Please read through the Stickies and Articles provided on the forum. You'll find lots of useful information and tips on keeping budgies at their best.

Please be proactive and search for a vet, ask them if they can please consult with an avian vet. If there truly aren't avian vets, that's about all you can do; try your best to search, call, inquire, ask for recommendations, etc. Good luck , and welcome to Talk Budgies!


----------



## Yara (Sep 30, 2018)

thank you for your reply 
i'll try my best


----------



## FaeryBee (May 9, 2011)

*While it is very challenging for people who live in countries with no Avian Vets, there are steps you can take to help ensure your budgies' health.

With the right motivation, you can work with a regular or veterinarian to get the proper care for your budgie(s).

You will want to do as much research as you can and learn as much about budgies and the best practices for their care so you can provide your little ones with the best possible life. 

We have a member in a country with no Avian Vets who has done this and has developed a great relationship with a regular vet. 
With the member's research and the vet's collaboration, they have found ways of providing care for her budgie that she would have not been able to manage otherwise.

When you develop a good relationship with a regular veterinarian, that individual can collaborate via telephone or Skype with Avian Veterinarians in other countries if necessary to get assistance in appropriate diagnosing and prescribing treatment for your Avian companions.
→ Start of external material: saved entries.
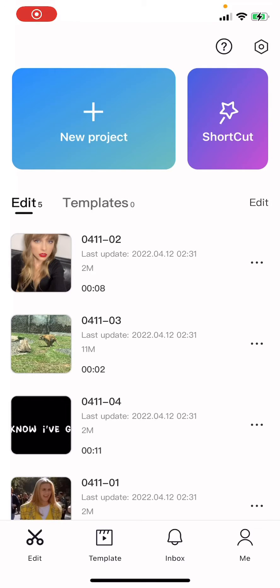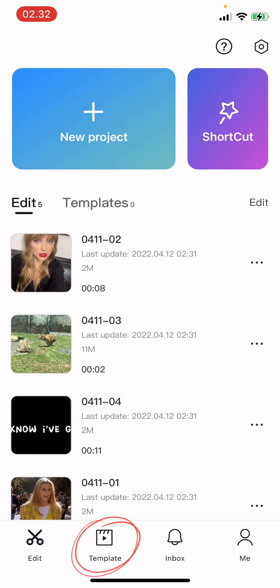Hey guys and welcome back to the Tutorial Millennial channel. In this video I'm going to be showing you how you can save videos from the template tab in CapCut. I do want to say that this isn't available for all regions unfortunately, and if there is a bug on the app I advise you to reinstall the app — that's what I did before when the template button isn't there.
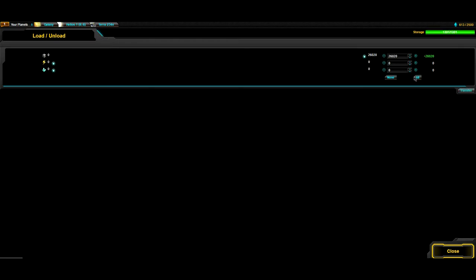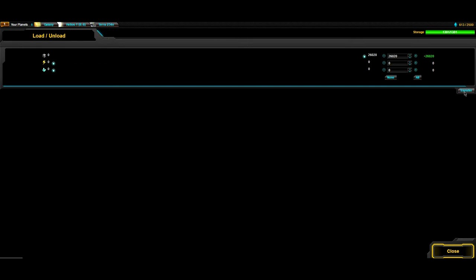You can select how many resources you want to load or unload. Take note that resources take space and you have limited amount of storage in your ship. When you're done, click Transfer and close the window.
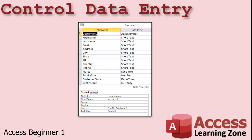One of the problems with spreadsheets and older database applications is that you have little or no control over what kinds of information get put into your database fields. With Access, you can specify exactly what types of data the user can type into each field. This will prevent, for example, a number where the customer's last name should be, or a four-digit phone number being entered, or a missing zip code. Access gives you strict controls over the structure of your data. Yes, it's possible to set up some simple data validation in Excel, but Access is much more powerful.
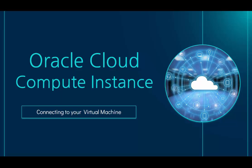In this video, we'll see how to connect to a virtual machine in the Oracle Cloud from the Macintosh operating system.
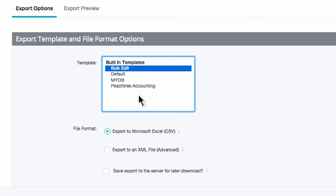These other options are for different types of exports. Default should be used for orders, while MYOB and Peachtree are specifically set up to work well with those independent accounting programs.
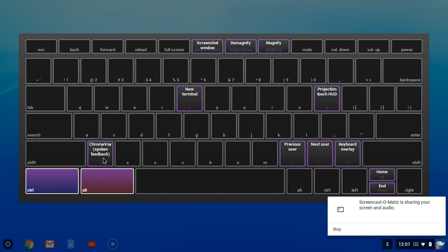Also, I showed students one day in one of the science classes the Chromebook spoken feedback, that is Control Alt Z. If you turn this on, it will speak everything on the screen. You may have students that need this, students who have accessibility issues. If that's the case, Control Alt Z turns it on, Control Alt Z turns it back off.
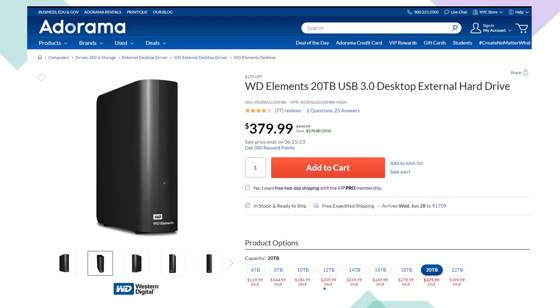Note that if you lower the number of terabytes of storage, the price will lower dramatically as well. When thinking about a backup system, you're usually thinking about an online system or an external hard drive like this, or ideally some combination of both for redundancy. If you use this as your primary drive, it's no longer a backup drive, and you'll need another backup solution.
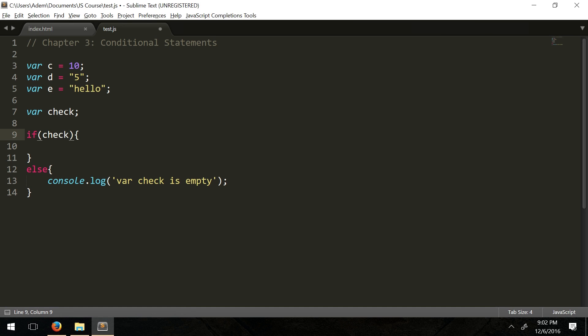To conclude this section: we discussed if and else statements, which allow us to make paths in our code based on whether a condition is true or false. But what if we want to check multiple conditions — if this condition is false, check another condition rather than going straight to else?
Please take the time to read through the Site Guidelines, all of the How To Guides, the FAQs, the Budgie Articles and the stickies located at the top of each section of the forum.

Truly, the very BEST advice anyone can offer you is to take the time to read ALL of the stickies throughout the various Talk Budgie forums as well as the Budgie Articles we have posted.

These are great resources for Talk Budgie members and have a wealth of reliable information which will assist you to learn the best practices in caring for your budgies for their optimal health and well-being.

Site Guidelines
Posting on the Forums
Please do not use Emojis from Phones - use Forum Smilies Only
Let's Talk Budgies
How-To Guides
FAQs Frequently Asked Questions
Budgie Articles
List of Stickies
Be Prepared for Veterinary Expense
Avian First Aid
Why Quarantine?

A Heartfelt Plea to All Members
Guidance regarding Breeding Advice Threads

Recommended Minimum Cage Sizes
Essentials for a Great Cage
Resource Directory

When you upload pictures as attachments directly from your computer, tablet or phone, the forum automatically defaults to landscape. Additionally, the picture appears as what we term a "thumbnail" attachment.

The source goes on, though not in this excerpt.